Na África do Sul recentemente a deputada Helen Zille do principal partido da oposição (Aliança Democrática) elogiou o legado do Colonialismo.

Segundo ela, foi graças ao sistema colonial que a África do Sul conseguiu ter grandes infraestruturas (hospitais; rede de transportes; etc). Mas, para quem eram tais infraestruturas? Quantas pessoas tiveram de morrer para construir tudo isso?  E até hoje, quem tem acesso a tais infraestruturas?

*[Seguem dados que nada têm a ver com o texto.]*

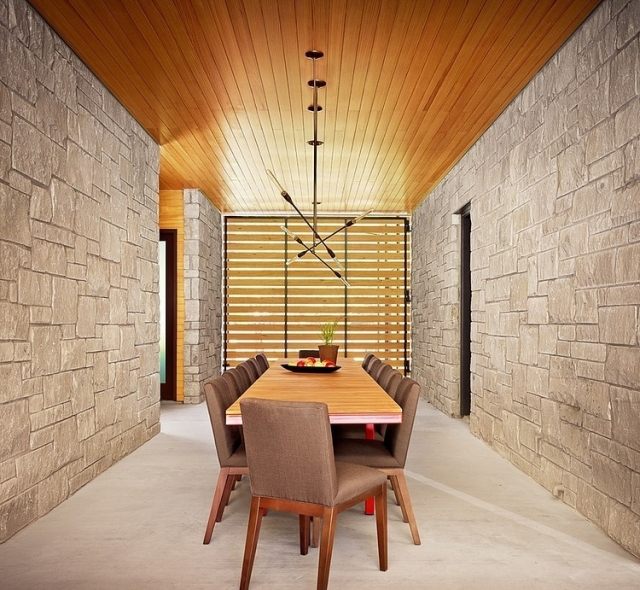matsal-modern-sten väggbeklädnad-trä tak-metall-hängande lampa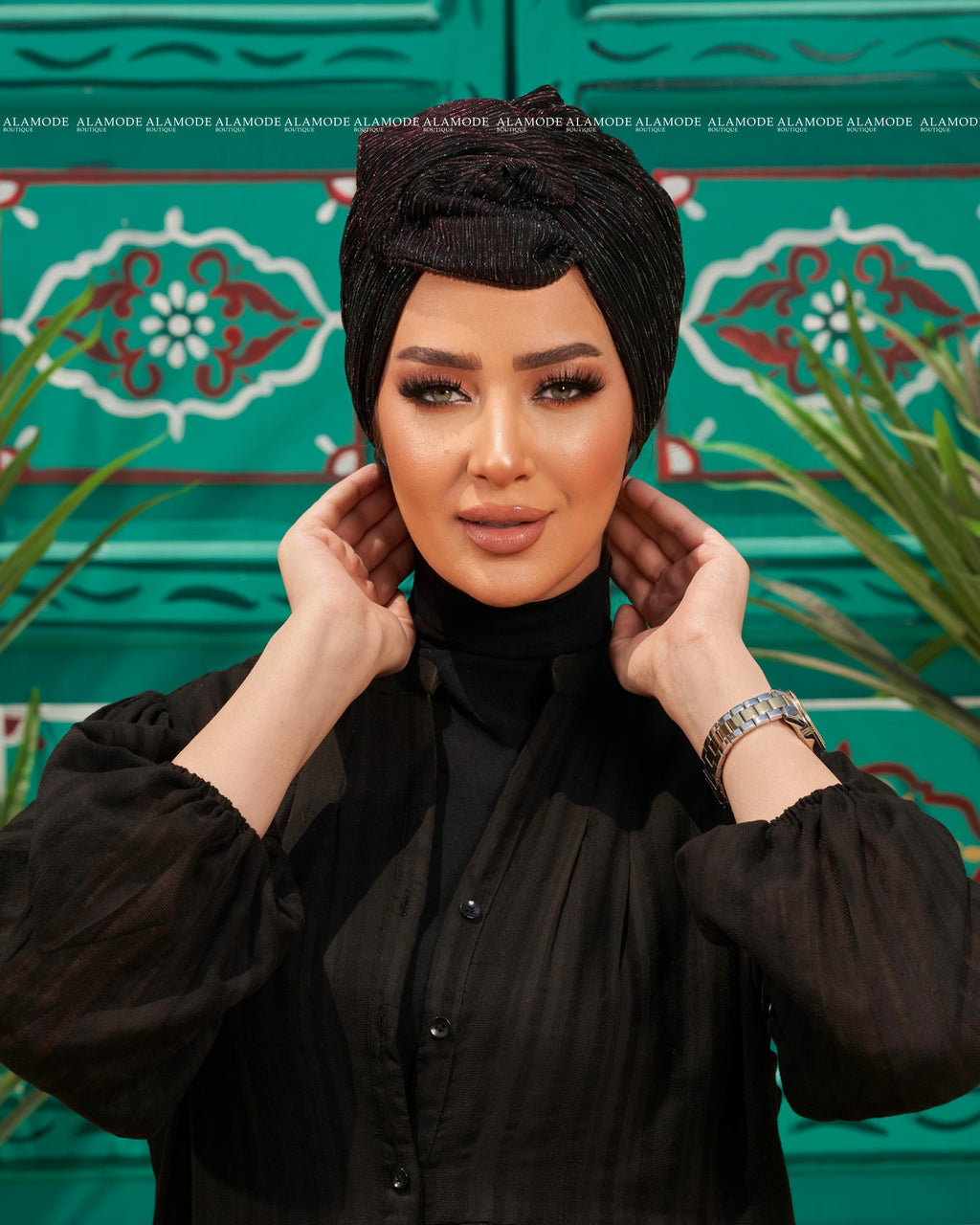 Black Soire Round Wing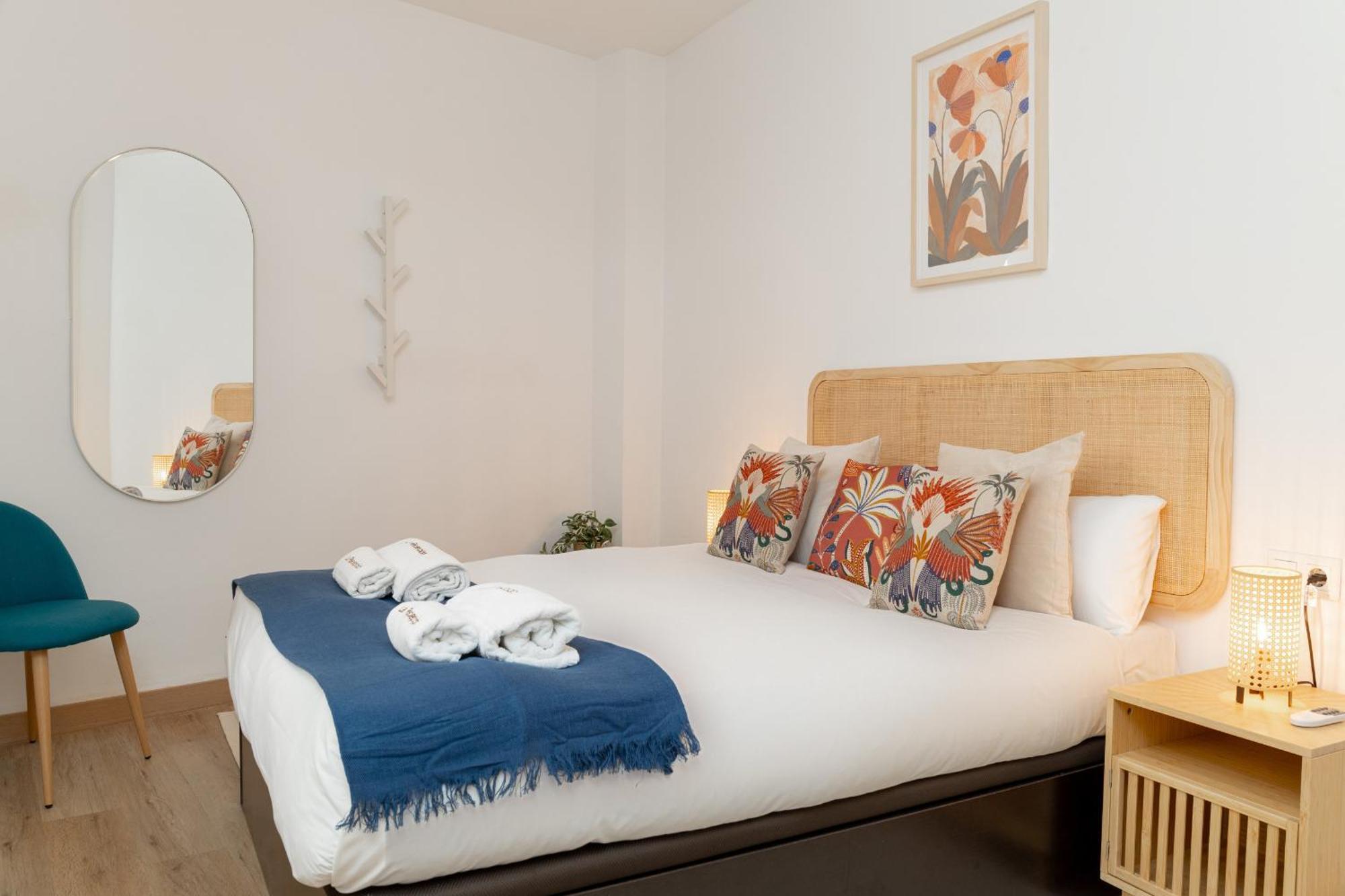 C21 Trendy 2 Bdr & Parking Downtown Apartment มาลากา ภายนอก รูปภาพ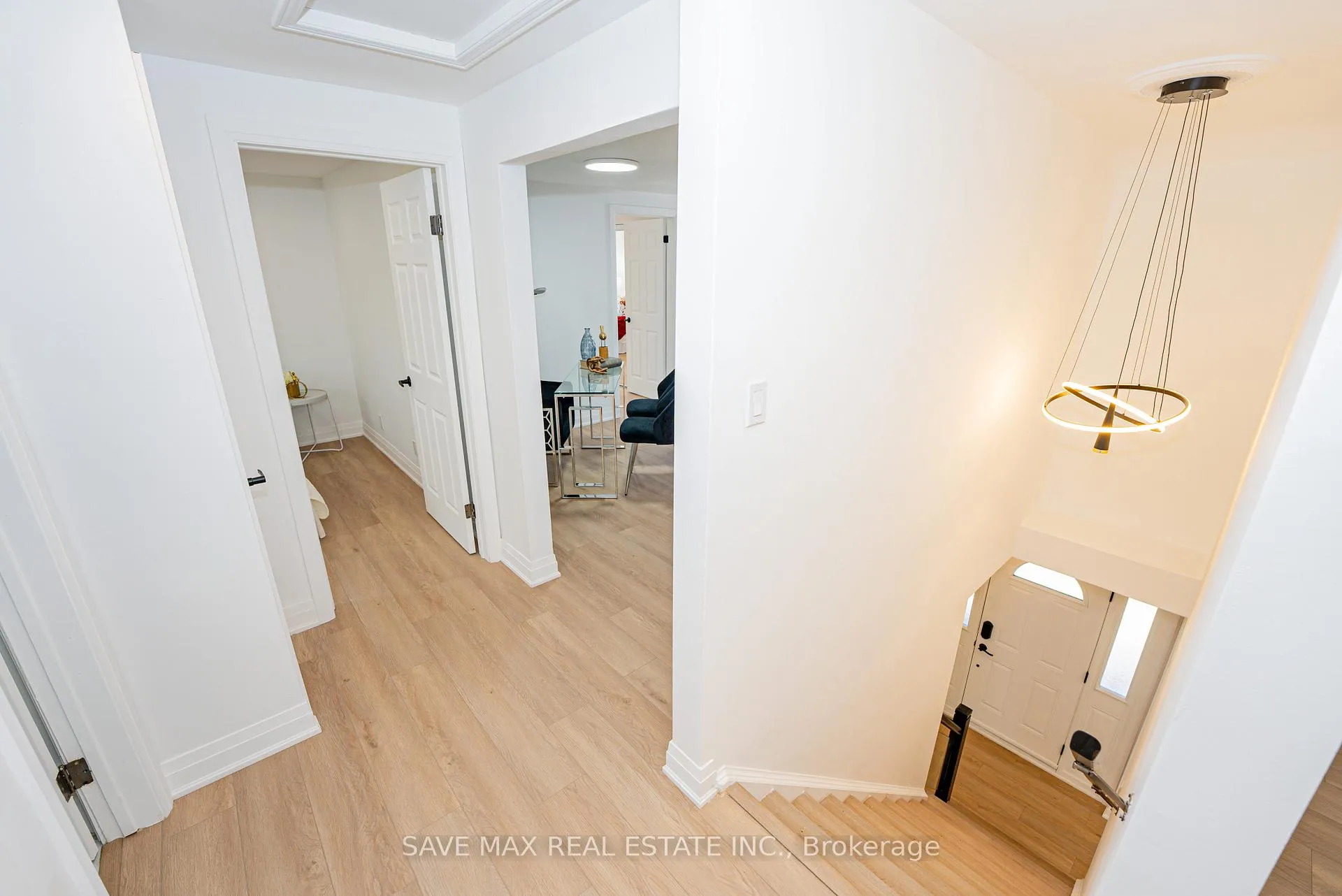 Photo 21 of 281 Parkmount Drive, Waterloo — HOMEH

E sobretudo, é importante referir que tais construções tiveram um preço muito alto, demasiado alto. Apenas em 1994 a África do Sul se libertou das correntes do Apartheid, que deixaram a população negra sul-africana estruturalmente desfavorecida.

É a população negra que ocupa os cargos mais precário, que faz o trabalho mais pesado; que vive nas zonas mais vulneráveis tanto para a sua saúde como para a sua segurança e obviamente, é a população negra quem tem menos acesso a Educação Superior.

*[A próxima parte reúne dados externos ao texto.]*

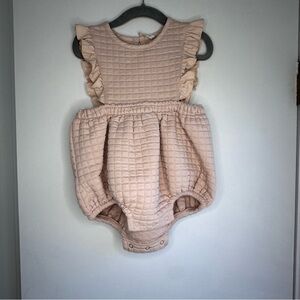 Quincy Mae Baby Girl Ruffle Quilted Romper Size 12–18M Blush Pink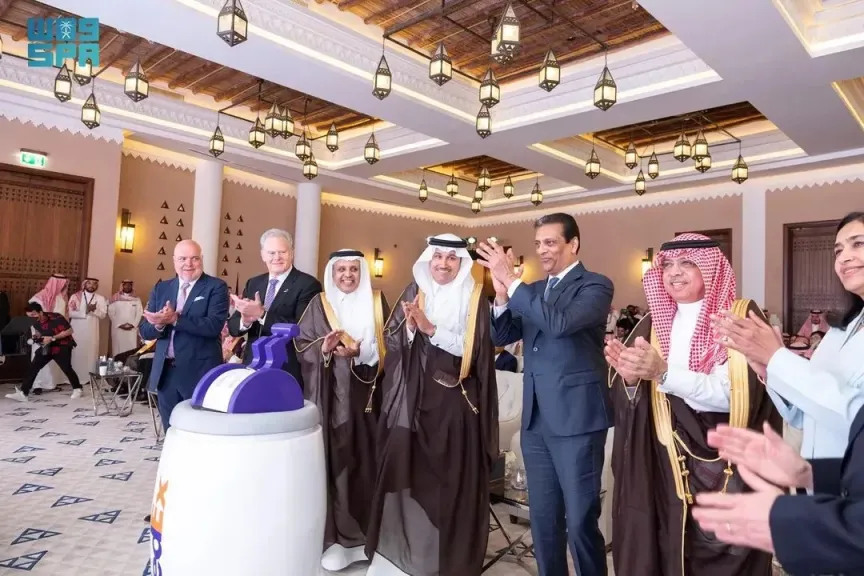 جانب من افتتاح فيديكس في السعودية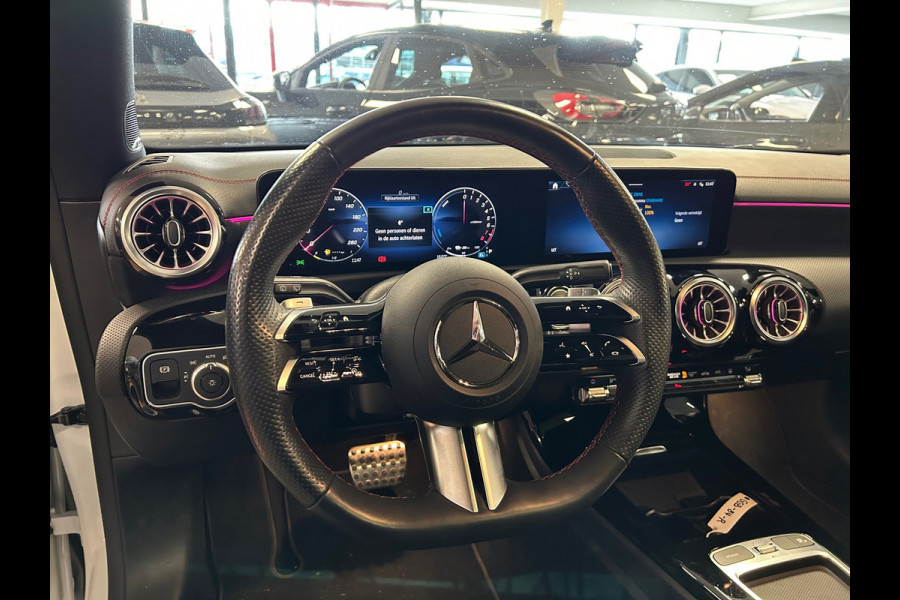 Mercedes-Benz CLA-Klasse Shooting Brake 250 e AMG Line Panorama-dak/ led verlichting / Burmester / Ambient verlichting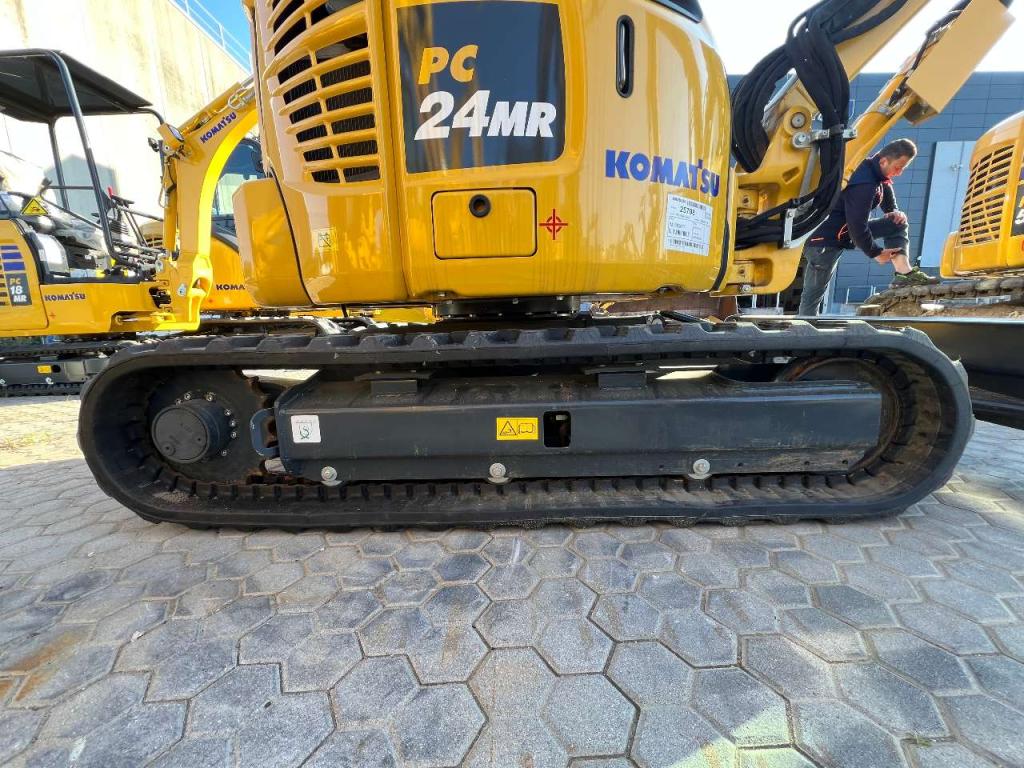 Komatsu PC24MR-5 Photo 9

Taxativamente falando, é esse o legado do Colonialismo.

A imagem e fotografia que se dá ao Colonialismo sempre é aquela dos tempos de glória, em que as cidades andavam limpas e os restaurantes eram bem frequentados (leia-se aqui, na altura em que os pretos não podiam lá estar).

É esta mesma imagem que vemos recriada em hotéis, restaurantes, revistas, filmes, etc.

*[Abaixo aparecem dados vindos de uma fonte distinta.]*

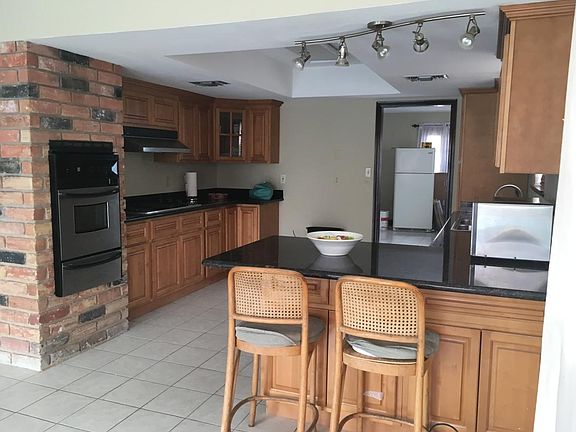 2nd image of 2323 Dreux Ave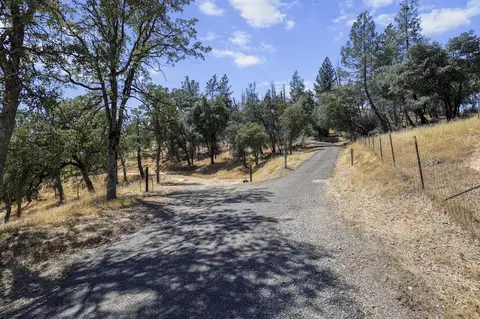 14020 Windfall Dr, Redding, CA 96003 photo 18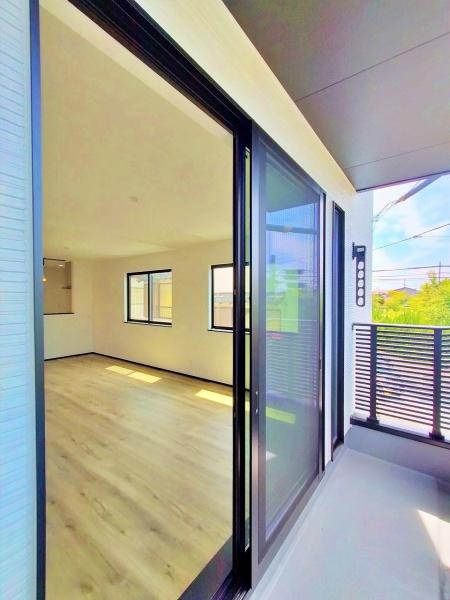 【3号棟】茅ヶ崎市新築戸建　LDK18帖　リビング階段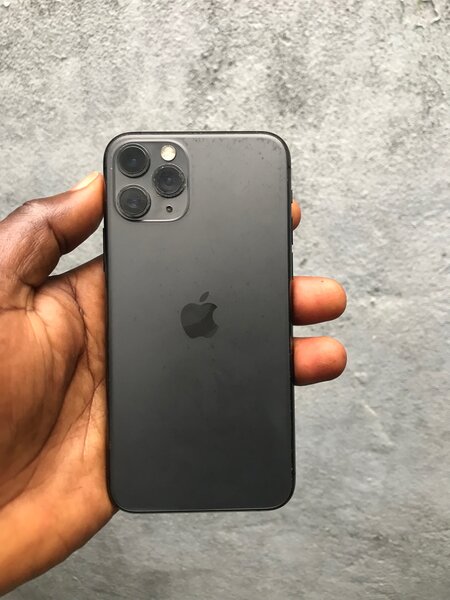 iPhone 11 Pro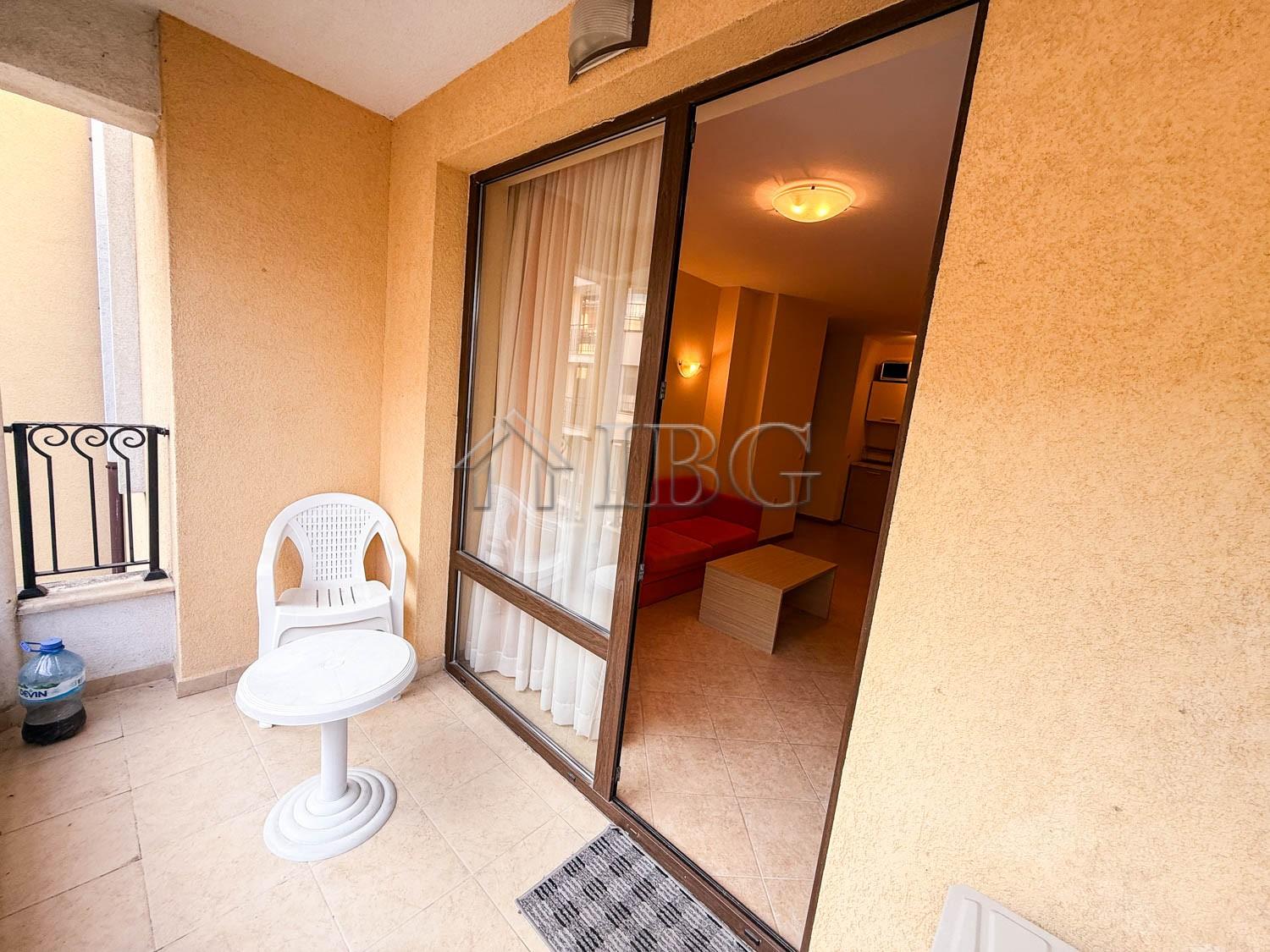 Apartment with One Bedroom Royal Sun, Sunny Beach — photo 10 of 25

Essas imagens reforçam a ideia de “exótico” e “étnico” que se usam frequentemente para descrever as populações negras. São retratos que reflectem a saudade e vontade de reviver tempos que na verdade foram sombrios e de muita dor para quem foi oprimido durante séculos.

Essas reconfigurações da memória colonial não só a deturpam, como a validam. O mito vira facto.

Para além disso, reflectem também  como na nossa sociedade o racismo e o colonialismo é visto como algo ultrapassado. É impensável haver um café, num hotel, com nome de “Café Nazi”, como existe em Lisboa o “Café Colonial“.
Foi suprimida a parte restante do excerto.